Before Victoria could answer, Rosemary’s bedroom door opened and she appeared in a long skirt and peasant blouse. Her lank brown hair was rolled on the top of her head, strings of it falling out already. “Good morning,” she said in surprise to the tableau of Victoria and Rosemary. She walked to the stereo turntable and stopped the cha-cha.
Victoria looked up at the girl’s thin, pointed face. “Hello,” she answered.
Claudia lifted herself away from Victoria and attached herself to Rosemary’s arm. “Victoria wants something exciting to do, but doesn’t want to come to the group,” she said, leaning her head against Rosemary’s shoulder as they both looked toward their friend.

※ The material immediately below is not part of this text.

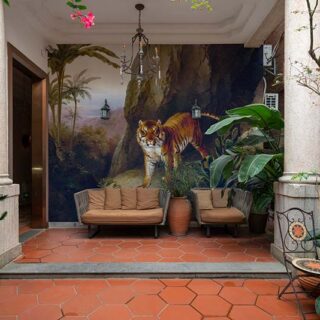 Royal Tiger in a Forest Painting Wallpaper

Rosemary awkwardly took her arm from Claudia’s and rested it across her shoulder.
“What do you find exciting, Victoria?” Rosemary asked solemnly.
“I’m not sure anymore. Nothing seems to satisfy me. I have this vague, restless feeling.”
Rosemary looked at Claudia. “Surely we can think of something. Why don’t you go and wash up, Claudie, so we can go,” she said gently. Claudia let go of her arm slowly and, with a lingering smile at Rosemary, left them. “How long have you felt like this, Victoria?”